::: DATA SECTION :::

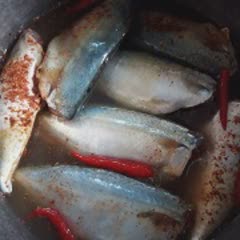 Cách làm cá nục kho cà cay cay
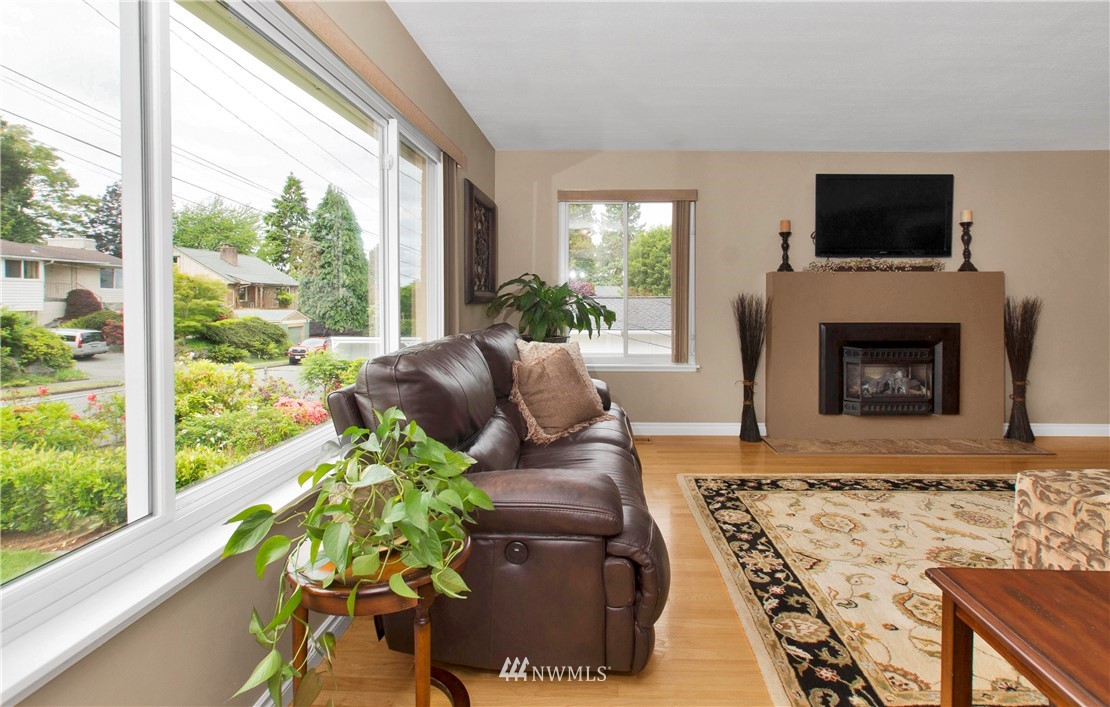 4106 Southwest Austin Street Seattle, WA 98136 - Photo 3 of 33 Gallery Image 3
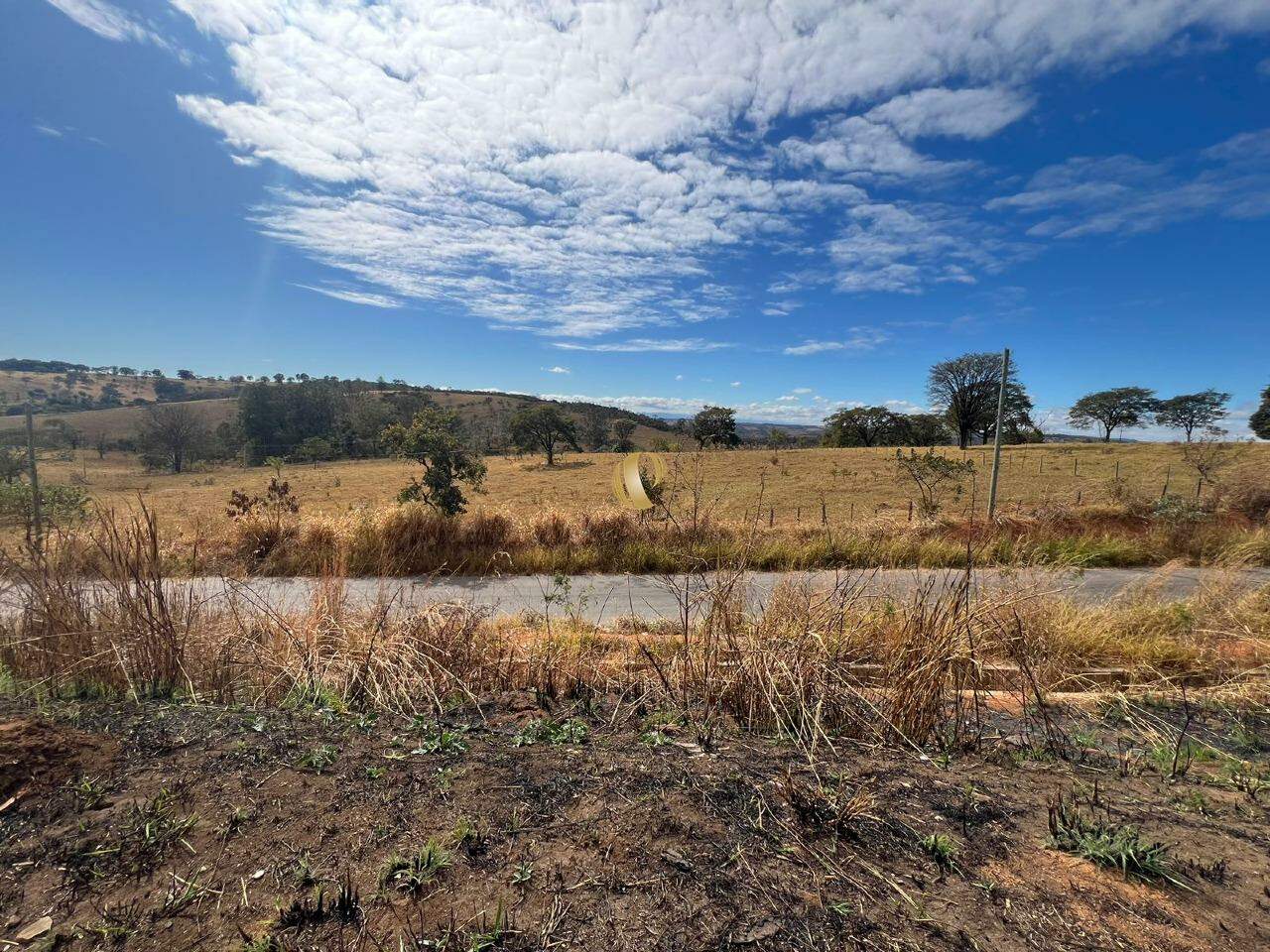 Chácara à venda com 1 quarto, 20000m² - Foto 1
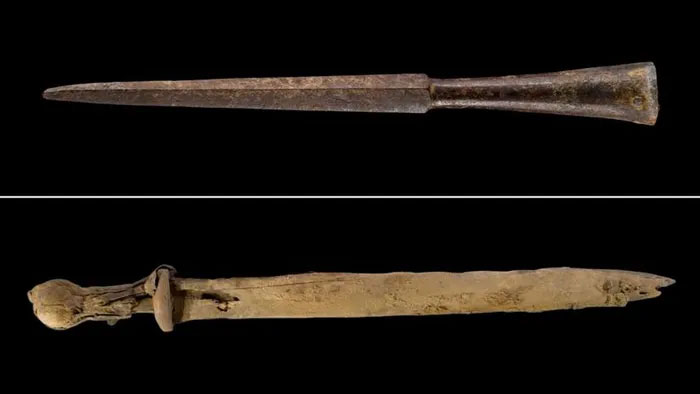 Picture 5 of The secret behind four 1,900-year-old Roman swords found in a cave in Israel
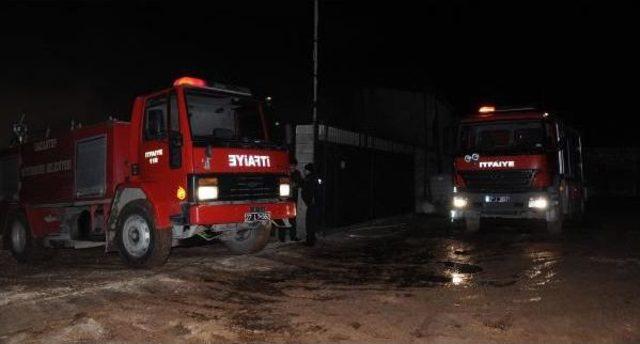 Gaziantep'te Ahşap Palet Atölyesinde Yangın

:::

## [WHAT IS EXPECTED]
All records are to be reproduced exactly; the pictures are to be omitted.

## [RESULT OF THE TASK]
 Cách làm cá nục kho cà cay cay
 4106 Southwest Austin Street Seattle, WA 98136 - Photo 3 of 33 Gallery Image 3
 Chácara à venda com 1 quarto, 20000m² - Foto 1
 Picture 5 of The secret behind four 1,900-year-old Roman swords found in a cave in Israel
 Gaziantep'te Ahşap Palet Atölyesinde Yangın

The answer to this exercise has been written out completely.